Yet Another Document 2 Text for pdf/doc/html/rft/etc - Extract text - or - convert to simplified HTML to retain layout information
Yet Another Document 2 Text
Extract Text or simplified HTML
This utility is extracts text or text and some structural information from documents
so that the information can be processed. The general use case is for NLP / NLU where the
document structural information are needed to add semantic context to the content.
The text output is the same, just without the html tags.
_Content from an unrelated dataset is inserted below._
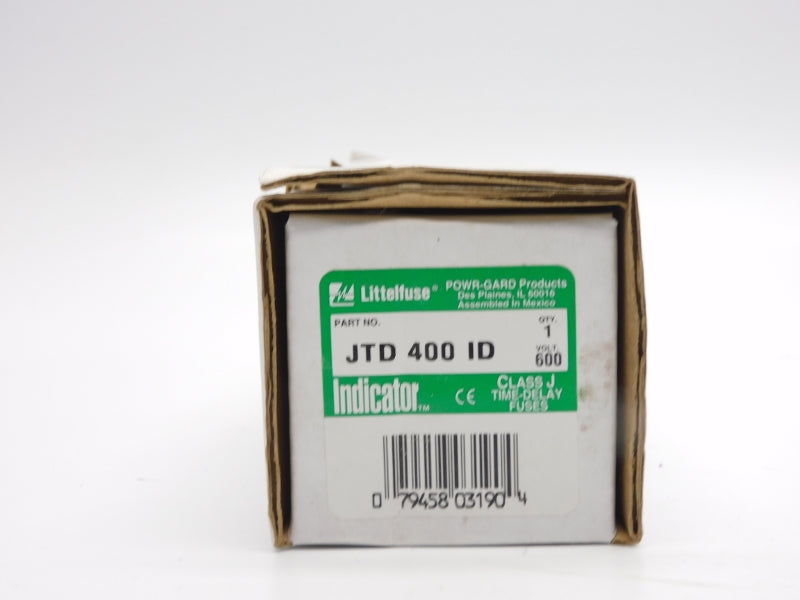 LITTELFUSE JTD400ID 600VAC 400A NSMP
OCR is not supported, this project does not (currently) work with images
build and run locally
1. go to base directory of branch, this will build the package with everything in it
2. prompt# brew install maven
3. mvn clean
4. mvn install
5. cd web
6. mvn jetty:run
mvn jetty:run -Djetty.port=8099
old: mvn jetty:run -Dhttp.port=8099
old: mvn jetty:run -Djetty.http.port=8099
7. index is test page for conversion (could use some additions)
Supported Document Types
Word: .doc, .docx, .dot
PDF: .pdf
html: .html, .htm, .mht
text: .text, .txt
richtext: .rtf
Converted file html tags
Title: <title>
Headings: <h1>, <h2>, <h3>...<hn>
Text: <b>, <u>, <i>
Structure: <p>, <header>, <footer>
Lists: <ol>, <ul>, <li>
Sections: <section>, <article> TODO
Tables: TBD
Converted meta info
Document Type:
<meta name="doc-type" content="html">
Original Document Name:
<meta name="doc-name" content="test.html">
Created Time
<meta name="doc-created" content="xxxxx">
Modified Time
<meta name="doc-modified" content="xxx">
Author
<meta name="doc-author" content="Bober Simthsonsons">
Language
<meta name="doc-language" content="en">
Url
<meta name="doc-url" content="http://www.sample.com/moby-dick.html">